> [EXERCISE OBJECTIVE] Take the material below and reproduce, word for word, only the lines from the line with "OVIALA - Table" through the line with "APITable pricing page".

> [DATASET CONTENT]
---*---

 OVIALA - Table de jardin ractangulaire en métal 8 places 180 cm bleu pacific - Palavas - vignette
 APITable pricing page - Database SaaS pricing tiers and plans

---*---

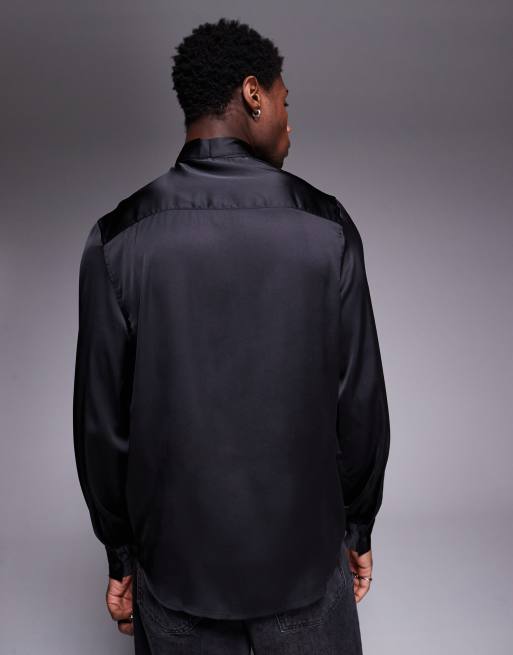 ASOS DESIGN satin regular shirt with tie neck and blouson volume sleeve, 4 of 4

---*---

> [SOLUTION FOR THIS TASK]
 OVIALA - Table de jardin ractangulaire en métal 8 places 180 cm bleu pacific - Palavas - vignette
 APITable pricing page - Database SaaS pricing tiers and plans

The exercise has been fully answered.